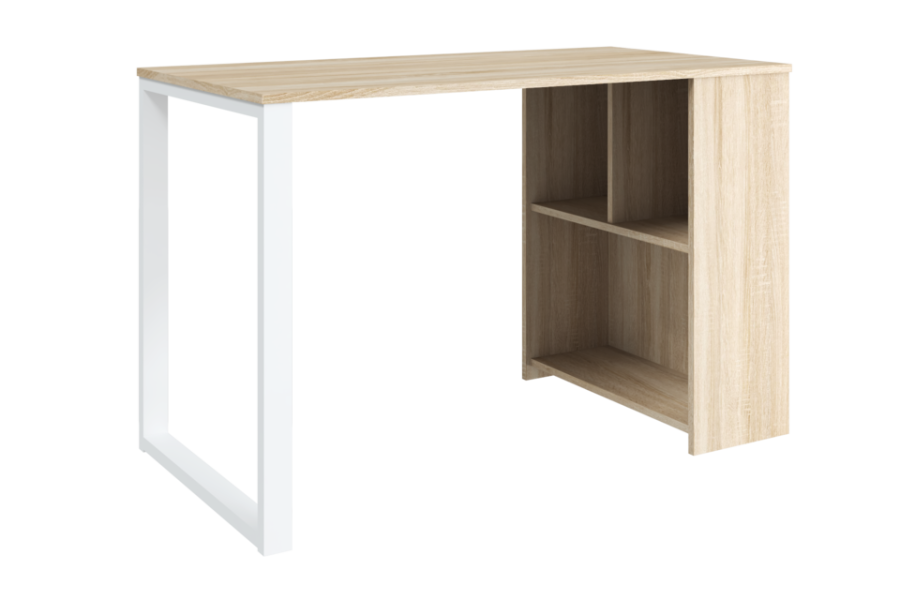 Стол письменный Бетти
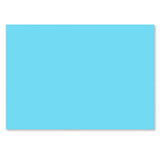 Kuverte z V-zavihkom za odlepljanje in zapiranje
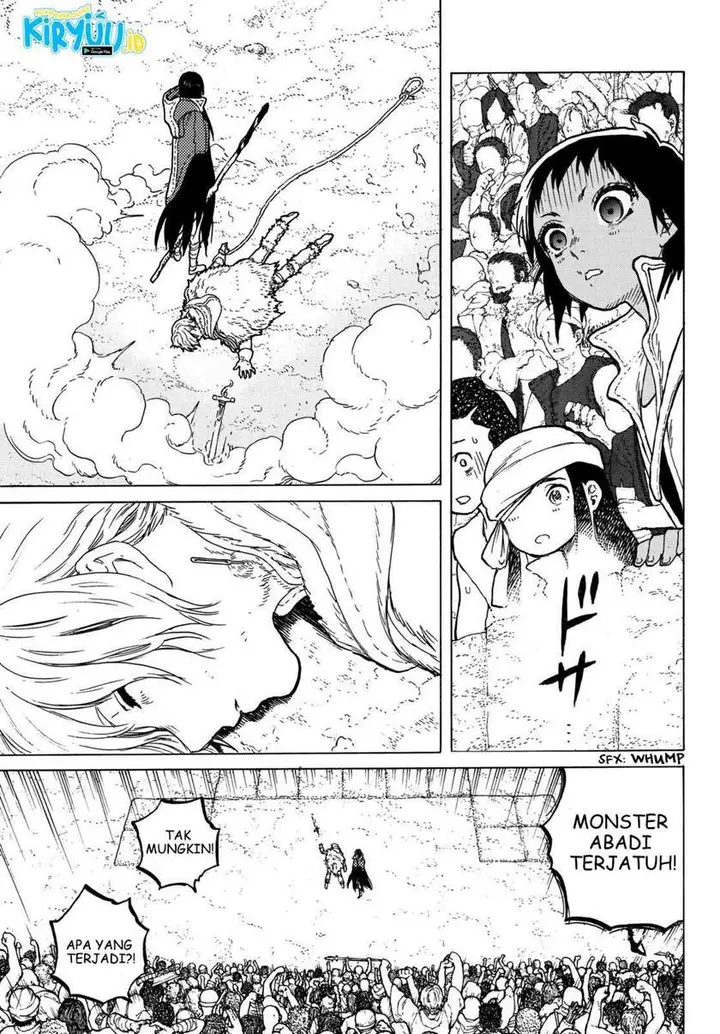 image-komik-fumetsu-no-anata-e-chapter-43-17/19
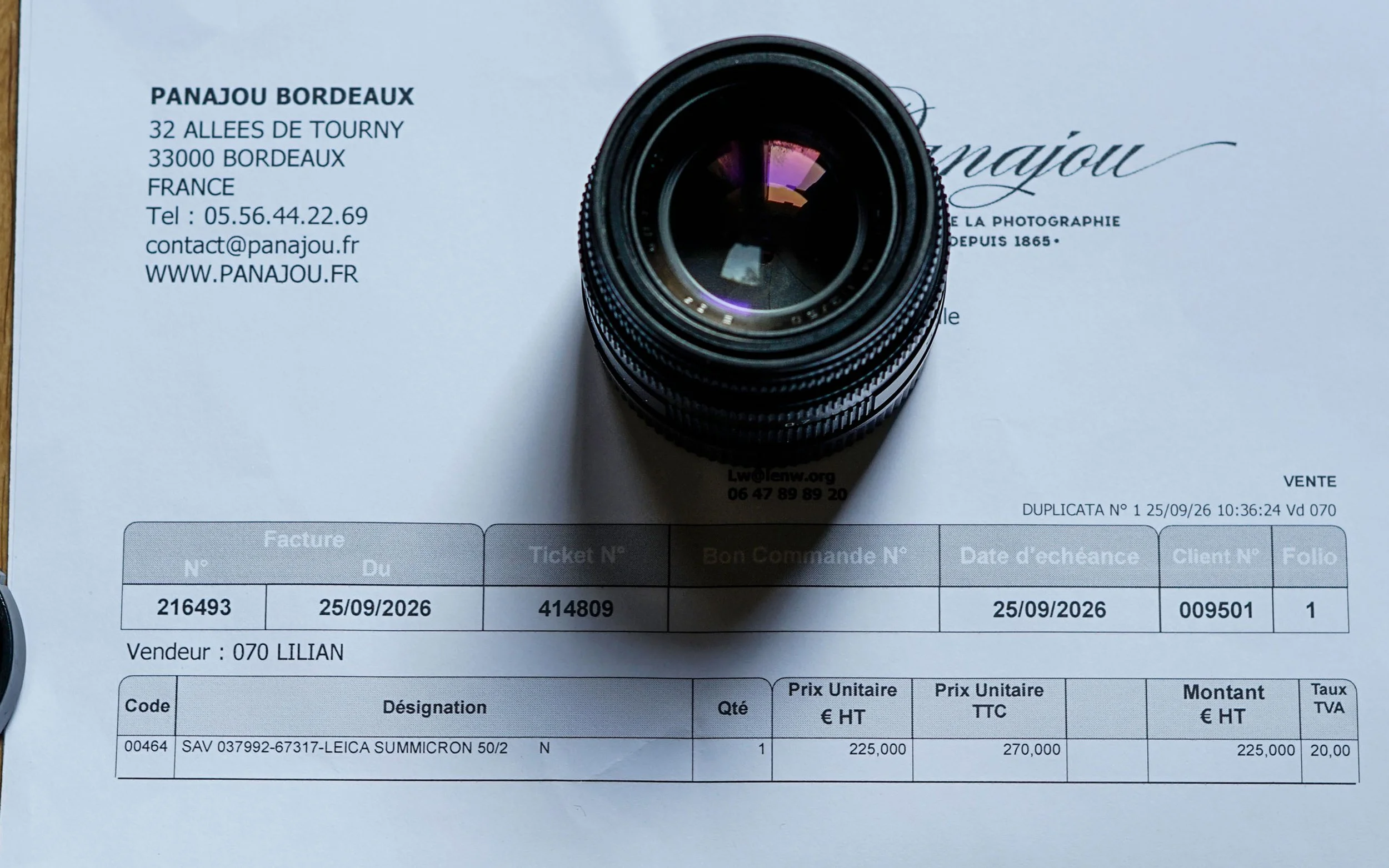 Leica Summicron-M f2 50 mm V5 (4).JPG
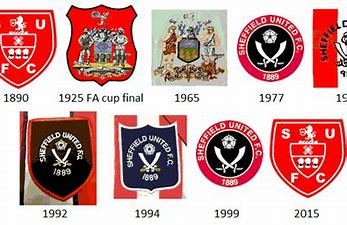 sheffield united badge pinterest - Bing images (14).png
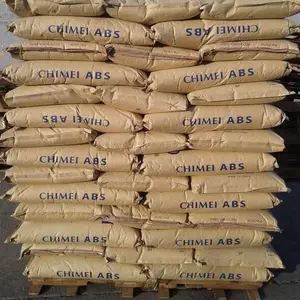 �����������ͺ���ABS CHIMEI POLYLAC PA-709 �߳�����İ�Ĺܲ����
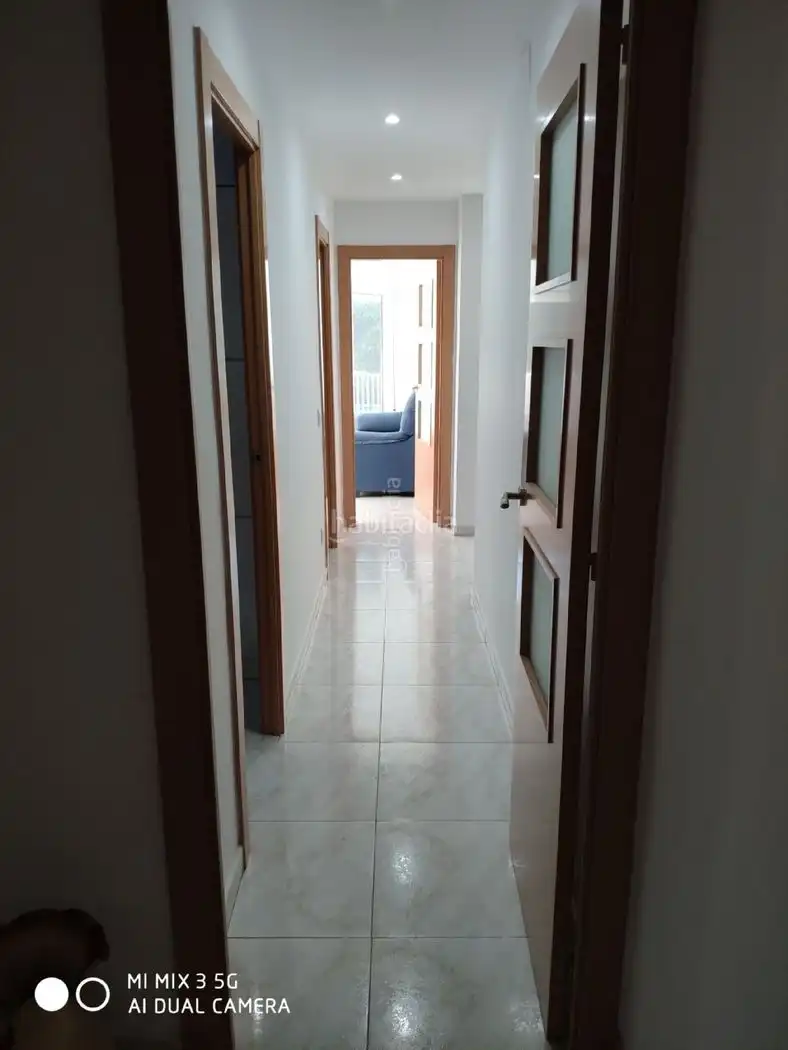 Pis en venda a Carrer de la Mare de Déu del Pilar 41, imagen 9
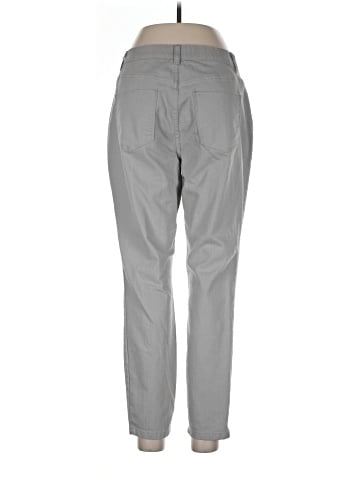 Christopher & Banks Jeggings (view 2)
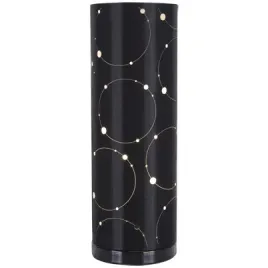 stojaca-lampa-stolowa-larysa-03807-ideus-ceramiczna-lampka-abazurowa-tuba-k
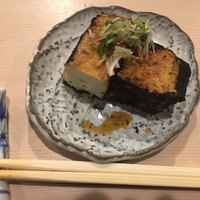 焼鳥 おみ乃 - 
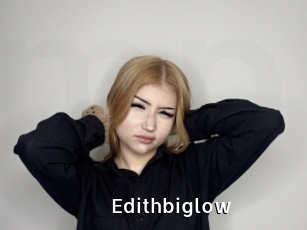 edithbiglow My Porno Stash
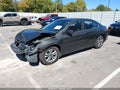 2013 Honda Accord — photo 2 of 16 | VIN 1HGCR2F38DA086336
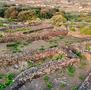Vendita-Pantelleria  signorile Dammuso-Pantelleria-12780 - 37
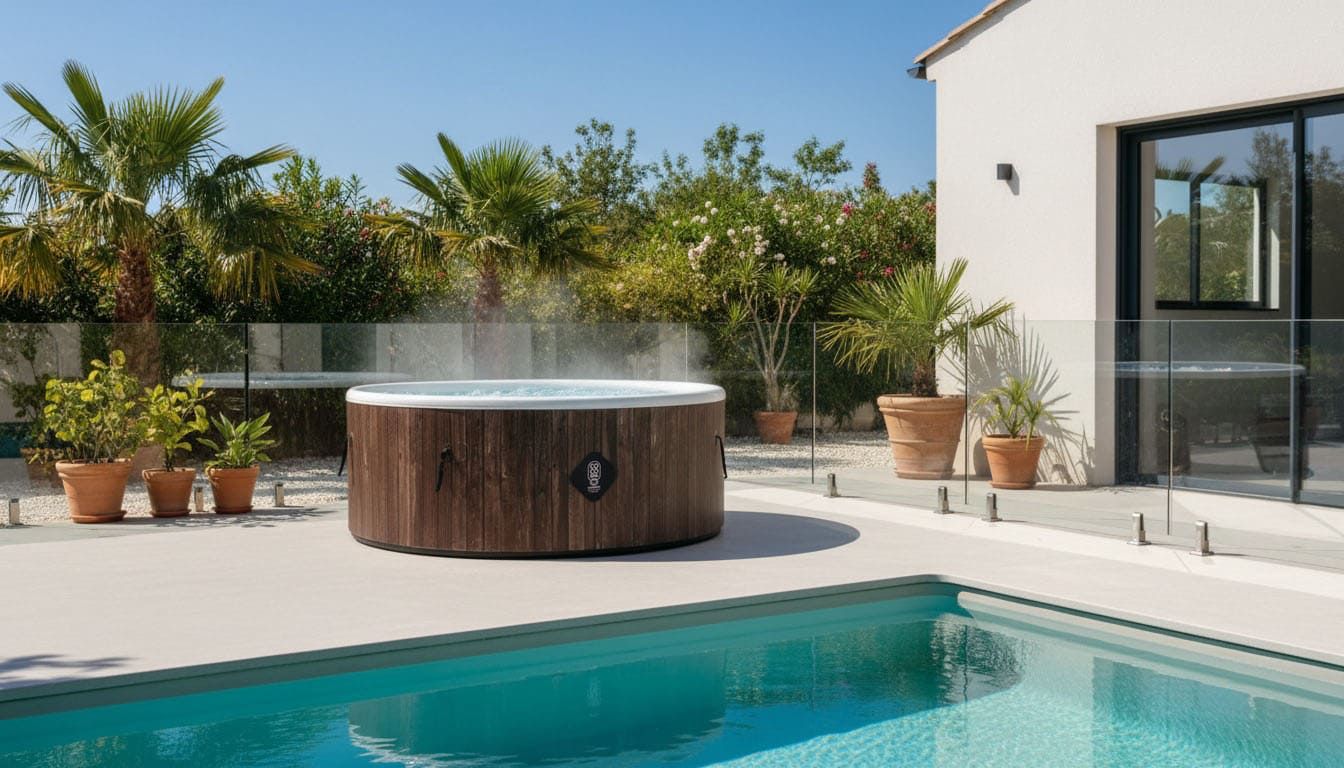 Helsinki – Image 5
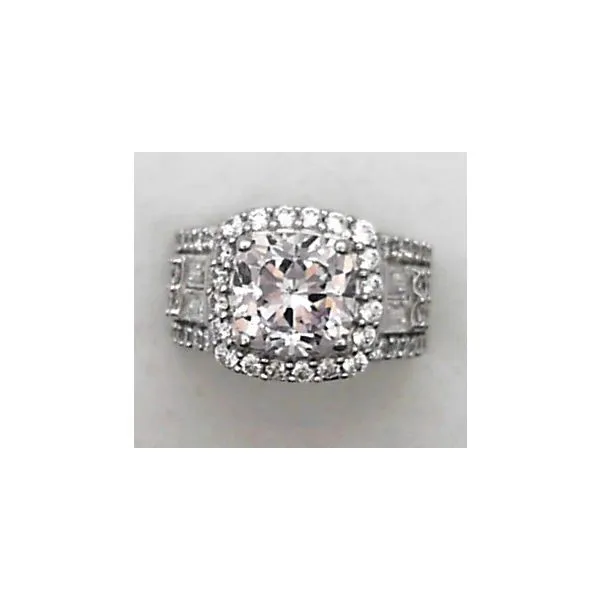 Silver Estate Jewelry Robertson Jewelers New Milford, CT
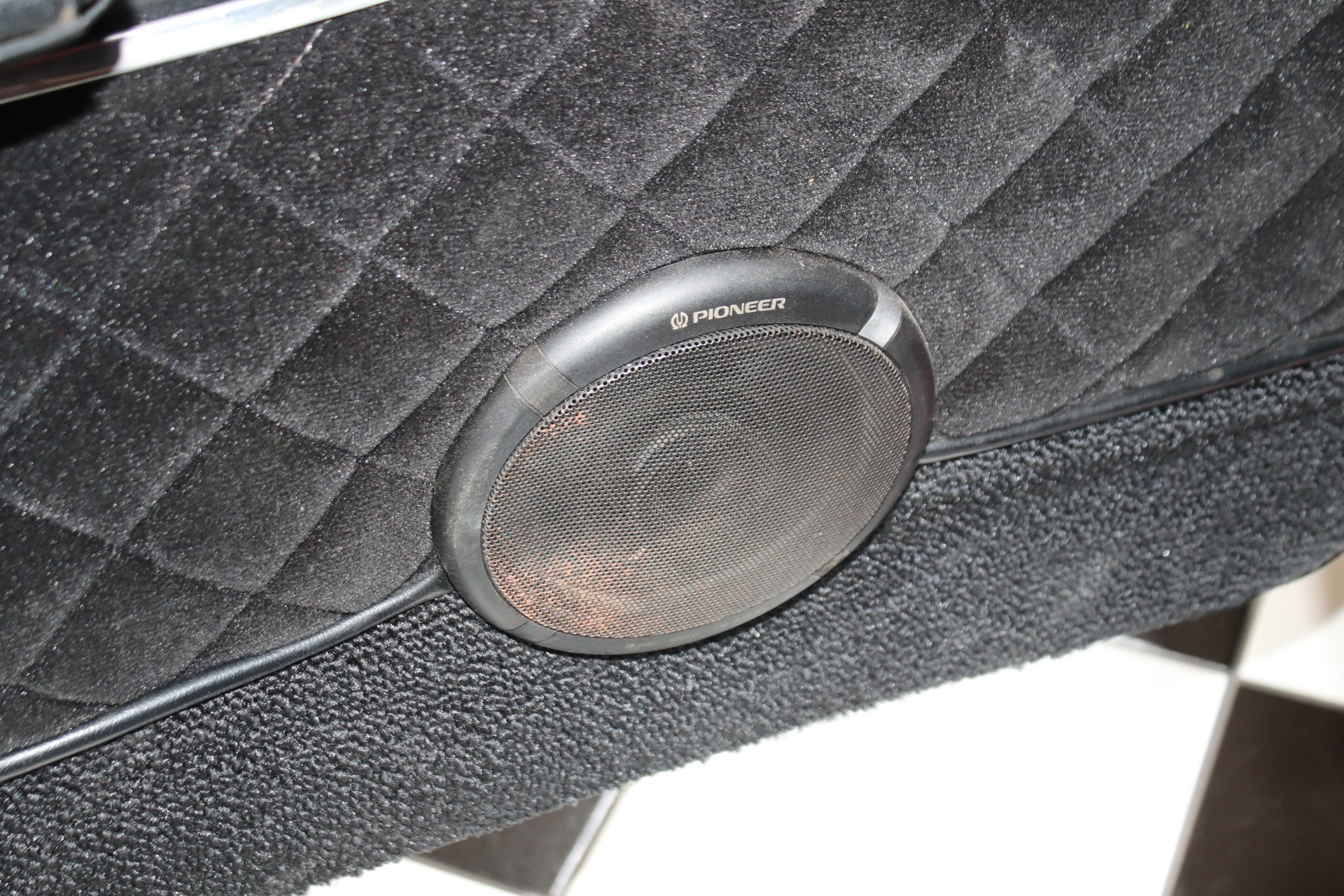 Image 49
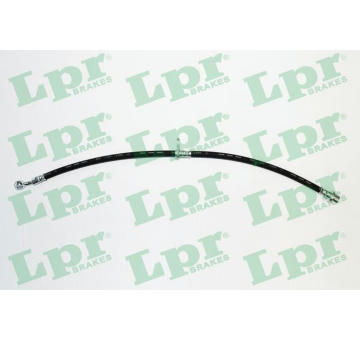 Brzdová hadice LPR 6T48748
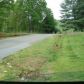 150 SHOCKEY RIDGE ROAD, Callaway, VA 24067 ID:15041039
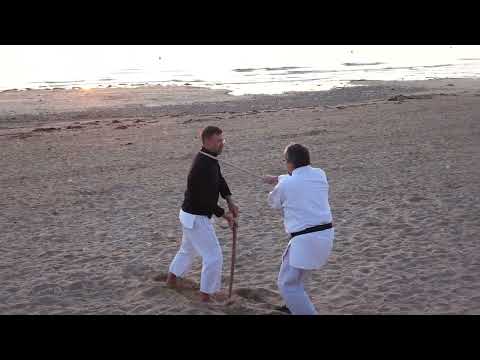 03 202607 SUGA Luc sur Mer Plage Kumitachi 2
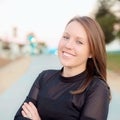 Andrea Barbee Real Estate Agent at Simply Real Estate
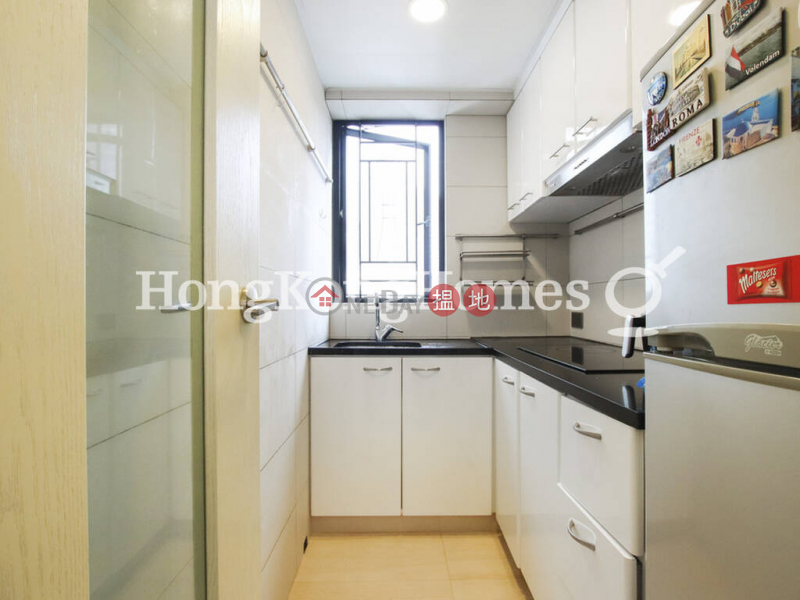 Wilton Place | Unknown Residential Rental Listings, HK$ 25,000/ month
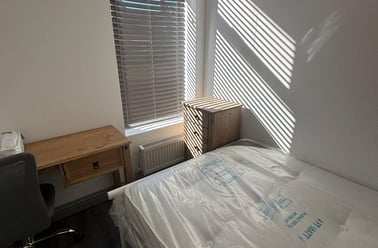 Ashby Road, City Centre, Loughborough - Image 3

------------

WORK REQUIRED:
Working from the line with "150 SHOCKEY RIDGE" down through the last line of the records, give every line again exactly, but no pictures.

TASK SOLUTION:
 150 SHOCKEY RIDGE ROAD, Callaway, VA 24067 ID:15041039
 03 202607 SUGA Luc sur Mer Plage Kumitachi 2
 Andrea Barbee Real Estate Agent at Simply Real Estate
 Wilton Place | Unknown Residential Rental Listings, HK$ 25,000/ month
 Ashby Road, City Centre, Loughborough - Image 3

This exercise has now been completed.